Hey folks! need some help with temporal activities going into a pending state intermittently.
Context: We use temporal self-hosted version for file ingestion use case in our system.
Problem Summary
We are observing intermittent, multi-minute delays between ACTIVITY_TASK_SCHEDULED and ACTIVITY_TASK_STARTED for certain activities, even though:
-
The correct task queue is used
-
Workers are running and polling
-
Task queue backlog is reported as zero
-
CPU and memory usage on workers are low
Eventually, the delayed activities do start and complete successfully.
Observed Behavior
-
Each file ingestion runs as a Temporal workflow
-
A dispatcher workflow periodically starts ingestion workflows
-
Most workflows execute normally
-
A subset of workflows get stuck at a specific activity, where:
-
ACTIVITY_TASK_SCHEDULEDappears in history -
ACTIVITY_TASK_STARTEDdoes not appear for several minutes -
No failures are recorded during the delay
-
After a few minutes, the activity starts and proceeds normally
-
In the Temporal UI, this appears as an activity remaining in a “pending” state for several minutes.
Evidence from Workflow History
For an affected workflow run, the history shows (timestamps abbreviated):
...
EVENT_TYPE_ACTIVITY_TASK_SCHEDULED GetUploadedFileActivity raw-ingest-queue
(no ACTIVITY_TASK_STARTED for several minutes)
Earlier activities in the same workflow run start within milliseconds of being scheduled, on the same task queue, using the same workers.
This somewhat indicates the issue is not workflow-wide and not queue-wide, but intermittent and activity-specific.

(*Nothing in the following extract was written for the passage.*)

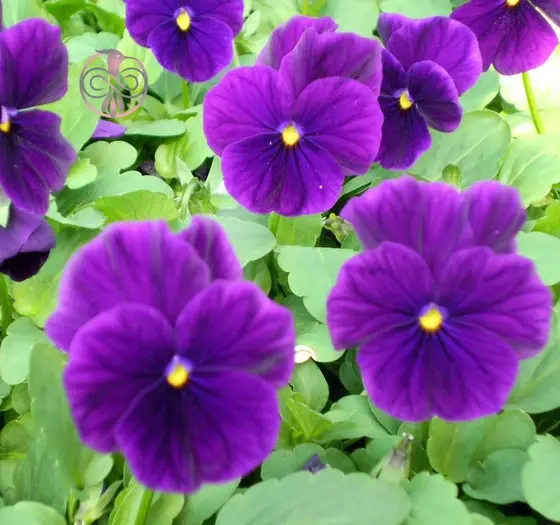 عکس گل بنفشه ایرانی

What We Have Verified / Ruled Out
We have explicitly ruled out the following:
-
Wrong task queue
Confirmed via workflow history (activityTaskScheduledEventAttributes.taskQueue.name) -
Namespace mismatch -
Worker not polling
temporal task-queue describeshows active pollers with recentLastAccessTime -
Task queue backlog
ApproximateBacklogCount = 0while activity is pending -
Worker resource saturation
CPU ~10%, memory also stable, no spikes. -
Activity execution slowness
The delay occurs beforeACTIVITY_TASK_STARTED -
Retry backoff
The activity has not timed out or retried during the delay window -
Build ID / Worker Versioning mismatch
Task queue showsUNVERSIONEDpollers only
Worker Configuration (Go SDK)
-
MaxConcurrentActivityExecutionSize: 500 -
MaxConcurrentActivityTaskPollers: 10 -
MaxConcurrentWorkflowTaskExecutionSize: 300 -
MaxConcurrentWorkflowTaskPollers: 10 -
TaskQueueActivitiesPerSecond: default (not overridden)
Multiple worker pods are running and polling the same task queue.
Why This Is Confusing
From our understanding:
-
If a task is scheduled and the queue has active pollers and zero backlog,
-
And workers are healthy and polling,
-
Then
ACTIVITY_TASK_STARTEDshould occur almost immediately.
However, in our case, tasks appear to be neither backlogged nor started for minutes at a time.
Questions:
-
Are there known scenarios where activities can experience long Schedule-to-Start latency even when:
-
backlog is zero
-
pollers are active
-
workers are healthy?
-
-
Are there additional server-side or SDK-level throttles or limits (besides the documented concurrency options) that could cause this behavior?
-
What additional signals or metrics (on the server or worker side) would you recommend collecting to pinpoint why a scheduled activity is not dispatched to a polling worker?
-
Is this behavior consistent with poll RPC backoff, long-poll interruptions, or matching behavior, and if so, what is the recommended way to detect or confirm it?
Versions
-
Temporal Server:
2.36.1 -
Temporal Go SDK:
go.temporal.io/sdk v1.33.0,go.temporal.io/api v1.44.1 -
Deployment: Kubernetes, via helm (self-hosted)
-
Number of worker pods:
2
Some Background:
- File metadata goes into a DB (acts as a queue)
- A temporal cron WF spins up every few minutes and picks them up (this cron runs on a task queue named
task-queue) - This cron spins up 1 child workflow for each file on the task queue-
raw-ingest-queue(There is a cap on this number, which we are trying to bump up and running into the above described issue frequently)- This child WF further has a bunch of activities and another child workflow.